Wherever a revision context is expected in a path (i.e., a
"/revision/<SHA1_GIT>/" path fragment) we can put in its stead a path fragment
of the form /origin/<ORIG_ID>[/branch/<BRANCH>][/ts/<TIMESTAMP>/]. Such a
fragment is resolved, internally by the SWH archive, to a SHA1_GIT as follows:
- [if <TIMESTAMP> is absent] look for the most recent crawl of origin <ORIG_ID>
- [if <TIMESTAMP> is given] look for the most recent crawl of origin <ORIG_ID> whose timestamp is <= <TS>
- [if <BRANCH> is given] look for the branch <BRANCH>
- [if <BRANCH> is absent] look for branch "master"
- return the <SHA1_GIT> pointed by the chosen branch
The already mentioned URL for revision contexts can therefore be alternatively specified by users as /revision/origin/<ORIG_ID>[/branch/<BRANCH>][/ts/<TIMESTAMP>]/
Typing:
- <ORIG_ID>s are given as integer identifiers, pointing into the origin table. There will be separate mechanisms for finding origins by other means (e.g., URLs, metadata, etc). Once an origin is found, it can be used by ID into the above URL schemes
- <BRANCH> names are given as per the corresponding VCS (e.g., Git) and might therefore contains characters that are either invalid in URLs, or that might make the above URL schemes ambiguous (e.g., '/'). All those characters will need to be URL-escaped. (e.g., '/' will become '%2F')
- <TIMESTAMP>s are given in a format as liberal as possible, to uphold the principle of least surprise. At the very minimum it should be possible to enter timestamps as:
- ISO 8601 timestamps (see for instance the output of date -I, date -Is)

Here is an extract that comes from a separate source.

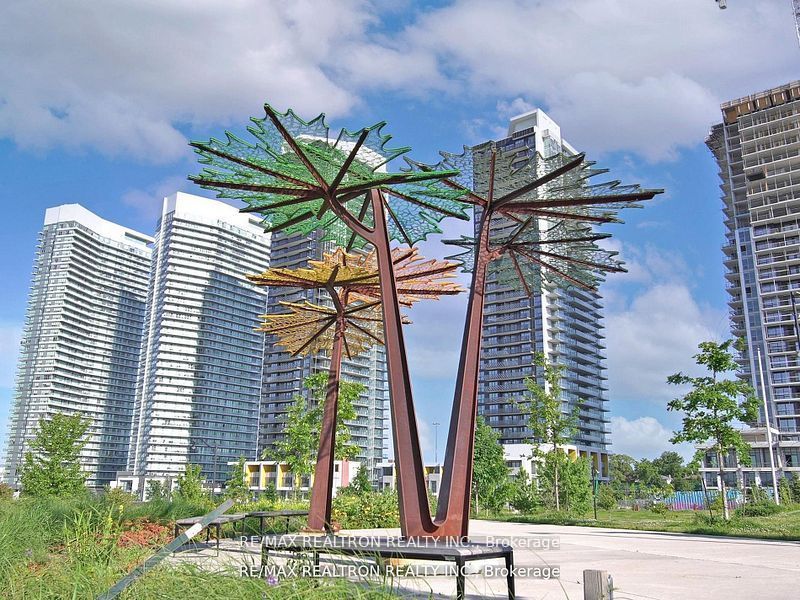 95 McMahon Drive Th515, Toronto, ON M2K 0H2 at 95 McMahon Drive Th515, Toronto, ON M2K 0H2, Toronto C15, ON, M2K 0H2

- YYYY[MM[DD[HH[MM[SS]]]]] ad-hoc format
Implementation proposal: use Python dateutil's parser and be done with it https://dateutil.readthedocs.org/en/latest/parser.html . Note: that dateutil does *not* allow to use classical UNIX timestamps expressed as seconds since the epoch (i.e., date +%s output). We will need to single case them.
The same escaping considerations given for <BRANCH> apply.